Reichweite ist deshalb ein wichtiges Thema in unserem Gespräch mit Alena Kirchenbauer. Zudem sprechen wir darüber, wie sie mit der Fachpresse zusammenarbeitet und was ein gutes Fachmedium auszeichnet. Nicht ganz uneigennützig haben wir sie gefragt, wie sich Medienberichterstattung finanzieren lässt und wie die Zusammenarbeit zwischen PR und Fachpresse zum gegenseitigen Nutzen gestärkt werden kann.
Zur Person: Alena Kirchenbauer
Alena Kirchenbauer ist Team Leader International Communication bei der Rutronik Elektronische Bauelemente GmbH. Darüber hinaus ist sie Lehrbeauftragte an der Hochschule Pforzheim und der Hochschule der Medien in Stuttgart.
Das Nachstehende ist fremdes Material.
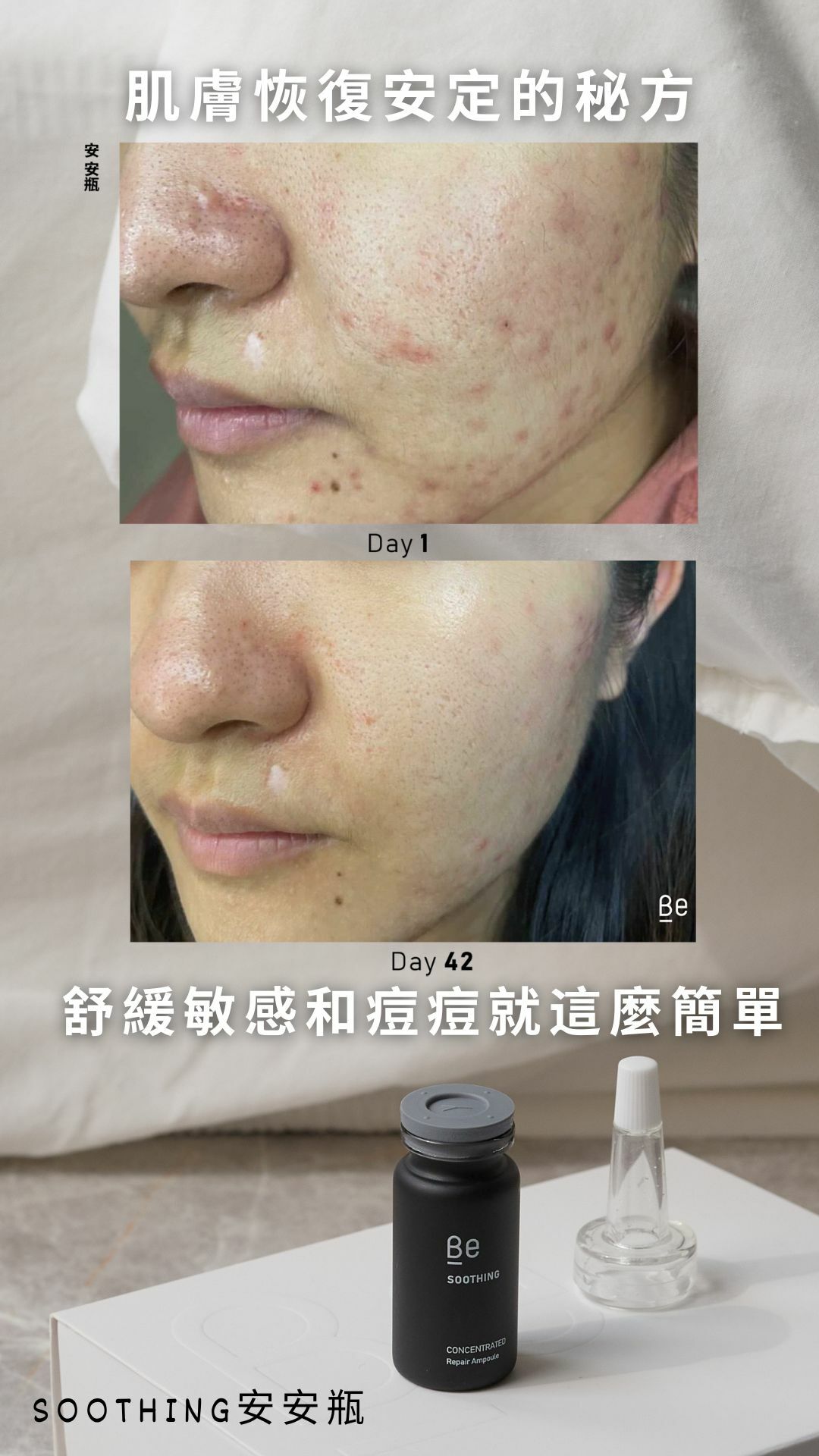 Be_ 安安瓶試用裝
Im Vorstand der DPRG-Landesgruppe Baden-Württemberg engagiert sie sich für den Austausch zwischen PR-Praxis und Forschung.
Das Interview ist ein erster Versuch unsererseits, die jetzigen Veränderungen aus Medien- und PR-Sicht zu „umkreisen“ und von allen Seiten zu beleuchten. Fangen wir an.
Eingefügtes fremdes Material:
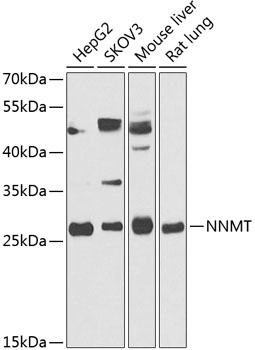 Anti-NNMT Antibody (CAB14030)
Sie haben eine Doppelrolle: Sie sind Teamleiterin International Communication bei Rutronik und Sie lehren als Dozentin an der Hochschule der Medien in Stuttgart und der Hochschule Pforzheim. Sprechen wir doch erst einmal über die Praxis. Welche Rolle spielt die Fachpresse in der Kommunikation Ihres Unternehmens?
Alena Kirchenbauer: Die Medienarbeit und insbesondere die Zusammenarbeit mit und die regelmäßige Information von Redakteurinnen und Redakteuren der Fachmedien ist eine wichtige Säule der B2B-Kommunikation. Sie steht als Möglichkeit der Zielgruppenansprache neben den eigenen Medienkanälen und Plattformen wie Website, Newsletter und Social-Media-Auftritten. Mit Blick auf die Marketing-Kommunikation kommen ergänzend Paid-Formate hinzu.
Wie arbeiten Sie konkret mit den Fachmedien zusammen?
Alena Kirchenbauer: Die Zusammenarbeit ist je nach Thema vielfältig. Wir informieren regelmäßig über Produkt- und Technologieneuheiten, klassisch in Form von Medieninformationen. Wenn wir mit Medienvertretern über mögliche Themen ins Gespräch kommen und es um die zu veröffentlichenden Kommunikationsformate geht, dann reicht das vom Fachartikel der Kolleginnen und Kollegen aus unseren Fachbereichen über mündliche Interviews, die von der Redakteurin oder dem Redakteur verschriftlicht werden, bis hin zu kürzeren Textsorten. Gerade letztere, angereichert mit Bildergalerien oder Videos, sind dann vor allem auch für die Online-Kanäle der Fachmedien interessant.
„Der Austausch mit Fachmedien ist sehr bereichernd.“
Was zeichnet aus Ihrer Sicht ein gutes Fachmedium aus?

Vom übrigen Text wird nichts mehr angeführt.